Information given: Begin

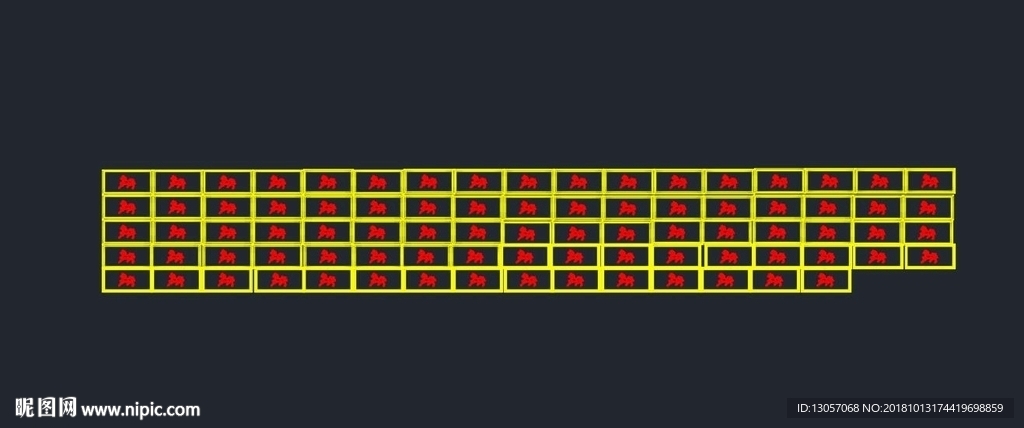 挂画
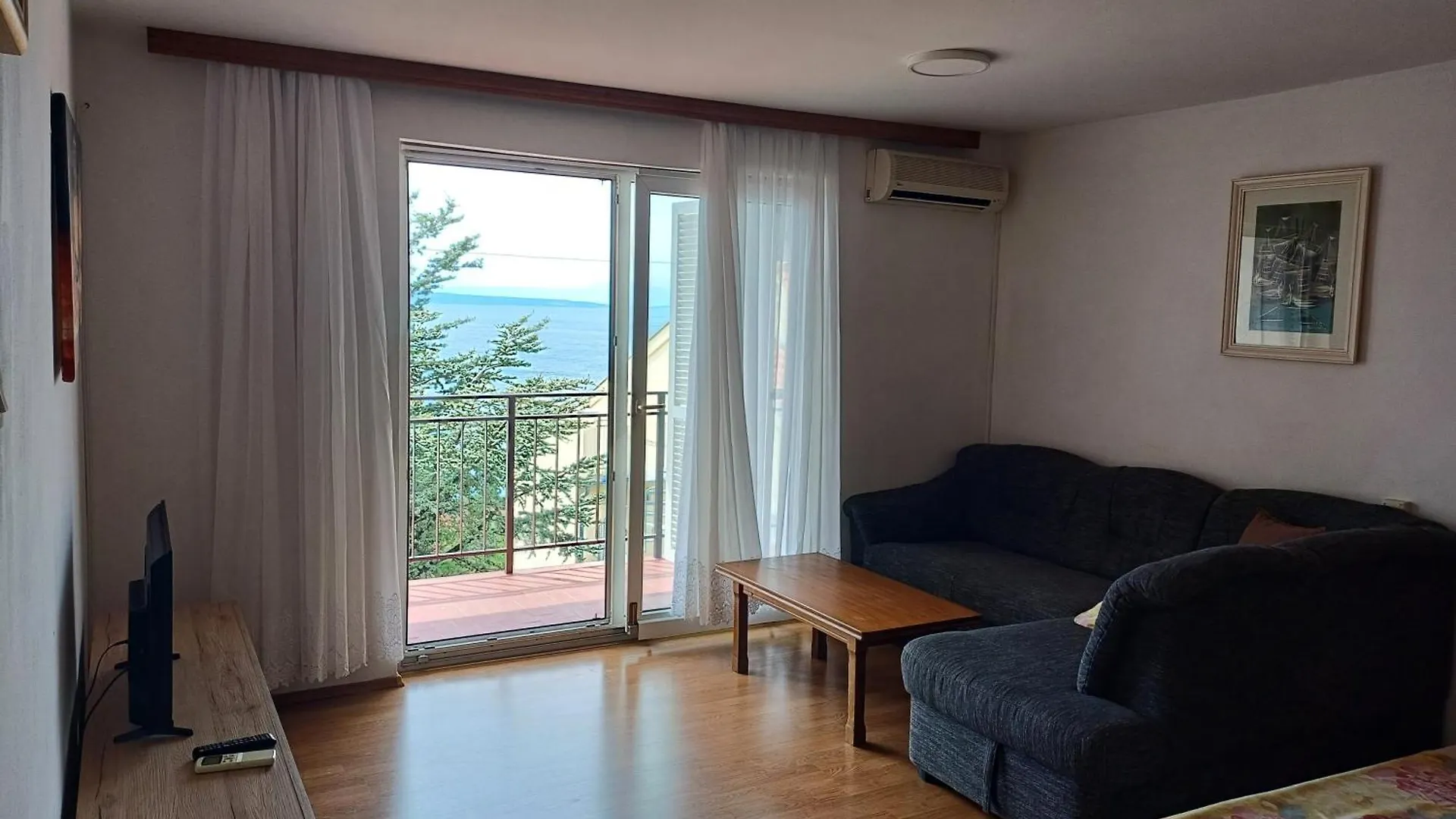 Apartments Klena Klenovica Croatia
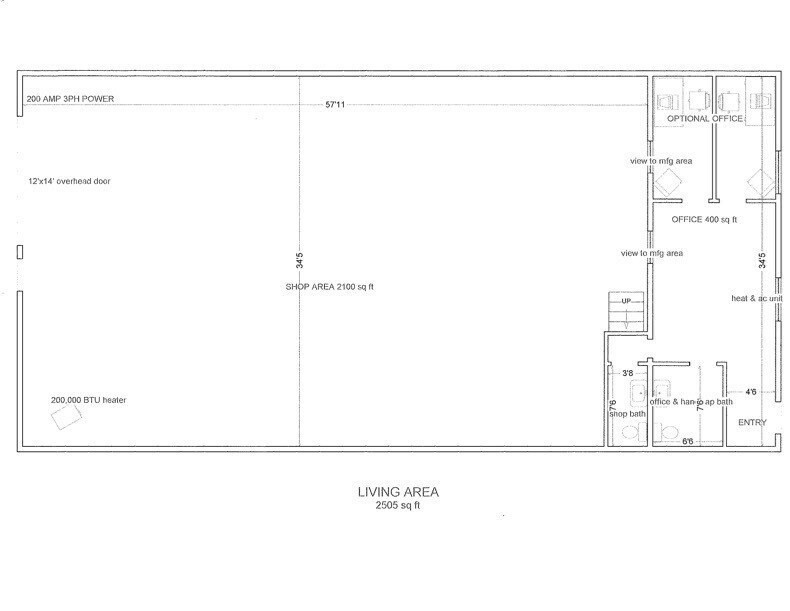 61 Airport Drive # 6 Property Photo 3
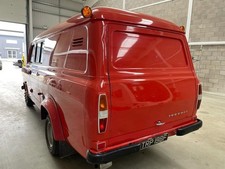Mk1 ford transit for sale  BILSTON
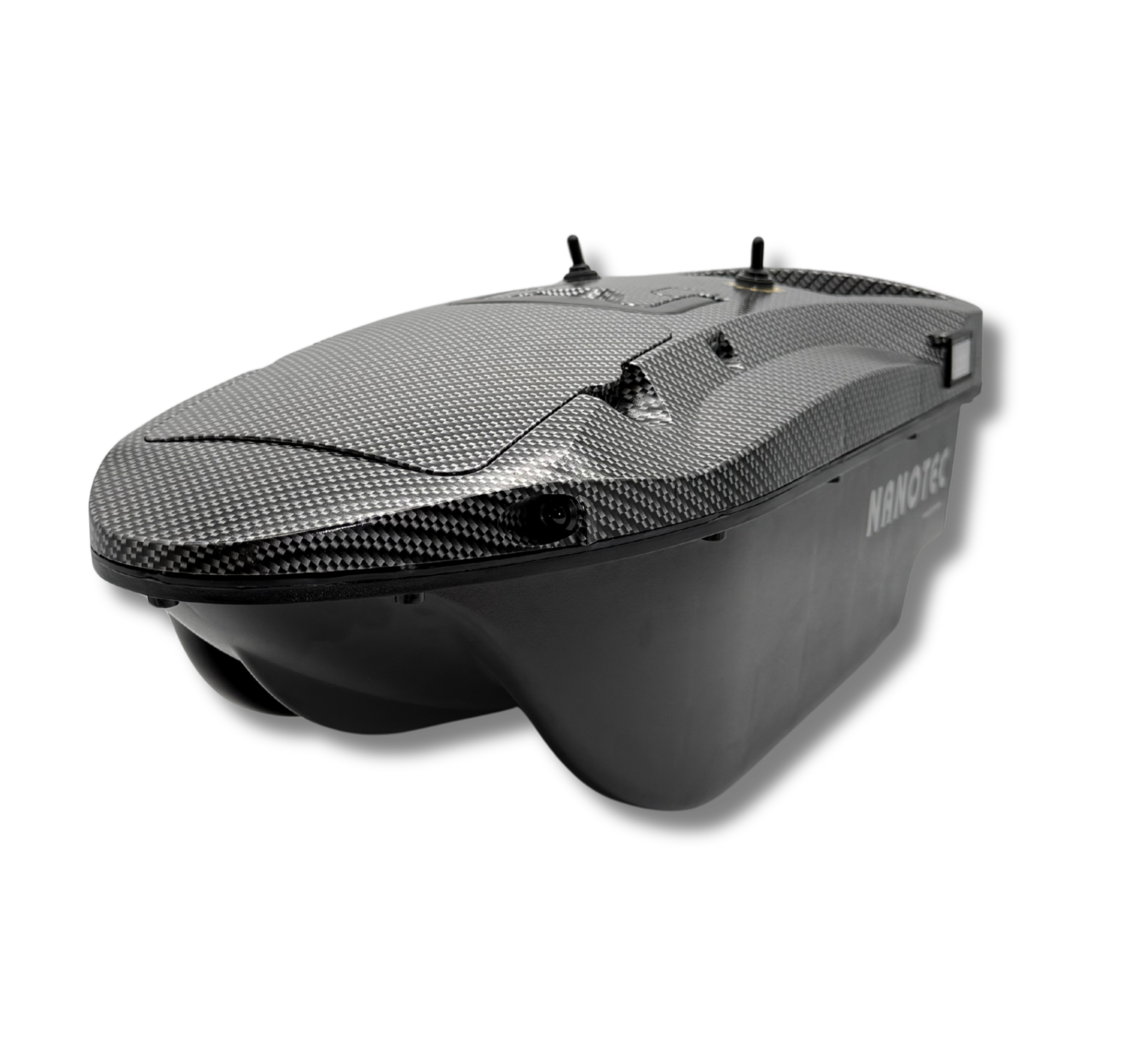 Nanotec-PRO-Carbon-Voerboot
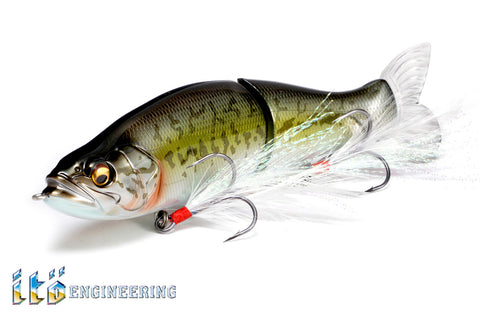 Megabass i-slide 135B Floating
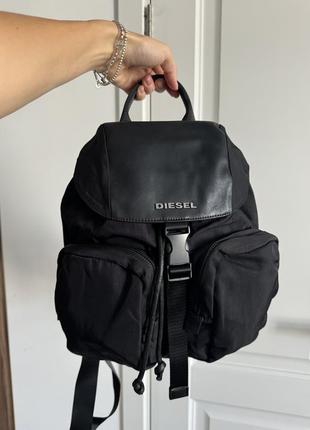 Рюкзак diesel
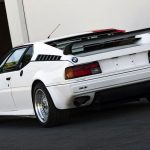 BMW M1 AHG Special Edition
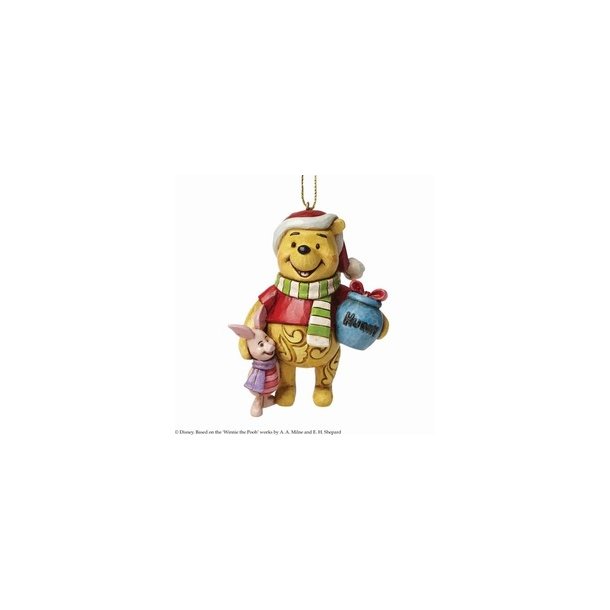 Ole Brumm Ornament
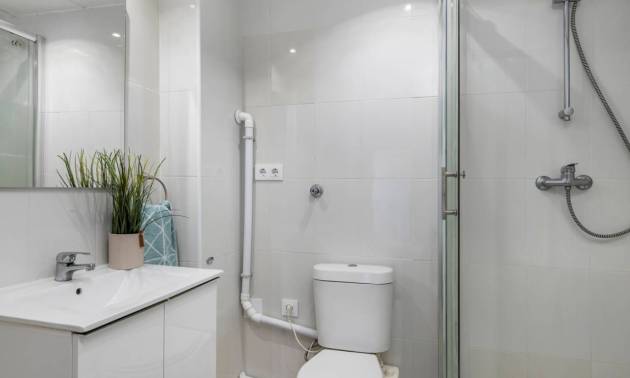 Venta - Villa - Ciudad Quesada
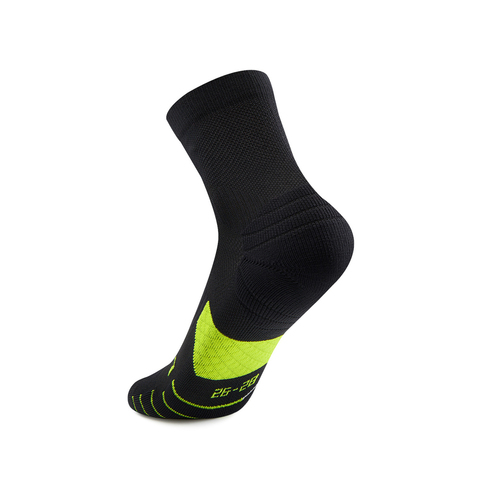 LI-NING李宁2025中性中袜中袜AWSV079-1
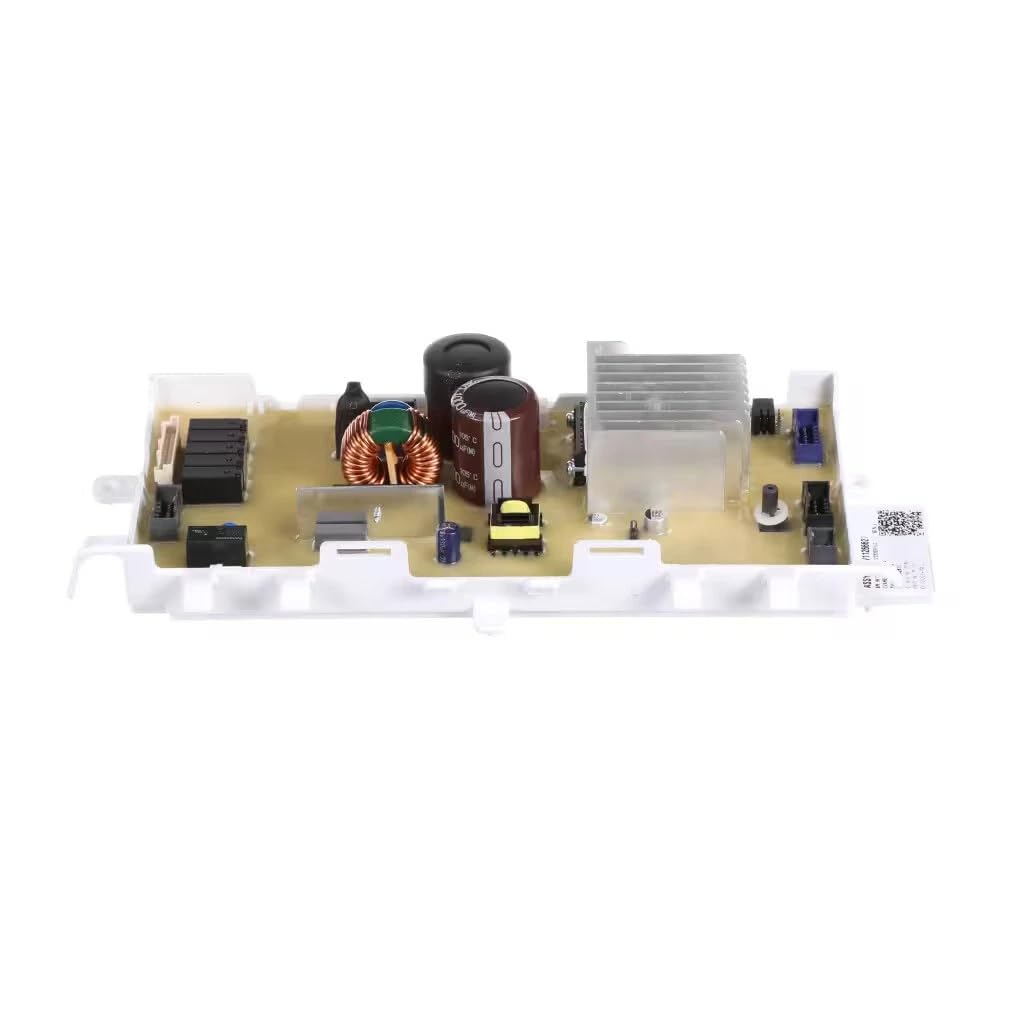 W11266627 for Whirlpool W11556535 Washer Control Board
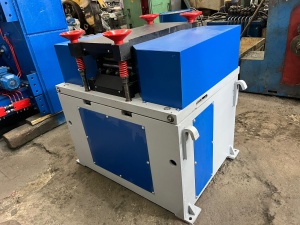 Листоправильная машина Schubert 250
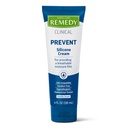 Medline Remedy Klinik Silikon Cream, Vanilla Scented, 4 oz.
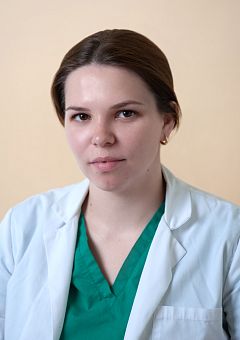 Королькова Татьяна Валерьевна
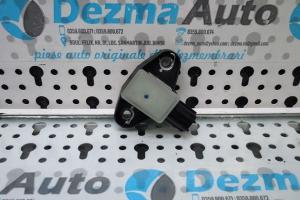 Senzor impact usa Vw Passat Variant (365) 2.0tdi, CFFB, 5N0959354 din dezmembrari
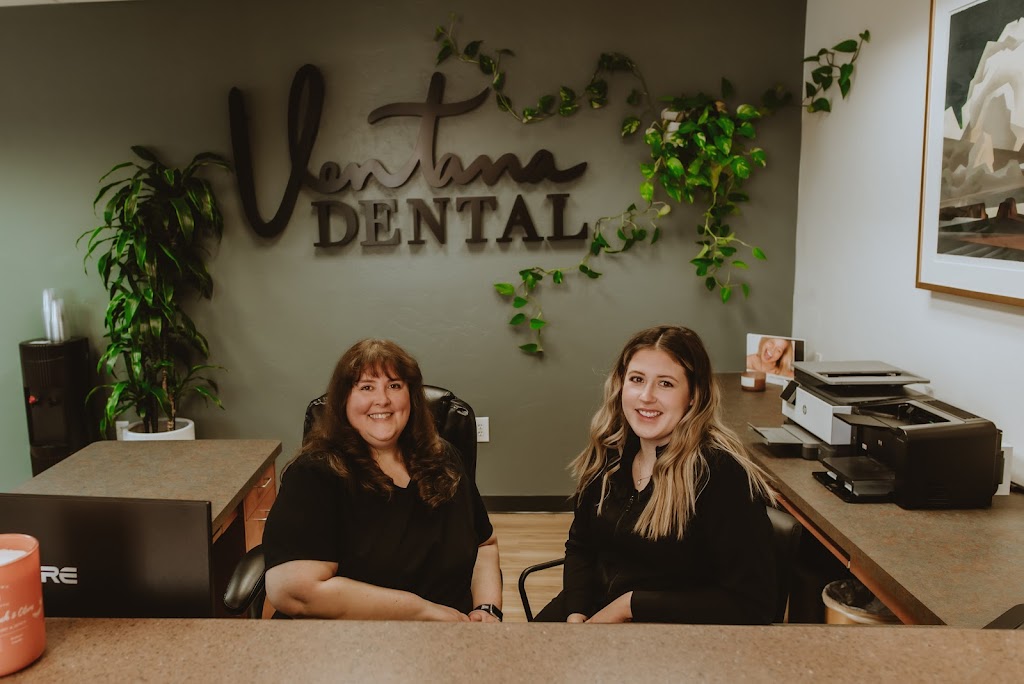 Ventana Dental | 5445 N Kolb Rd Suite 205, Tucson, AZ 85750, USA | Phone: (520) 577-7667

Information given: End

[What to work on]
Keep the pictures out of your answer, which should be the lines from the one with "Senzor impact usa" through the final line of the data, copied exactly.

[Written response]
 Senzor impact usa Vw Passat Variant (365) 2.0tdi, CFFB, 5N0959354 din dezmembrari
 Ventana Dental | 5445 N Kolb Rd Suite 205, Tucson, AZ 85750, USA | Phone: (520) 577-7667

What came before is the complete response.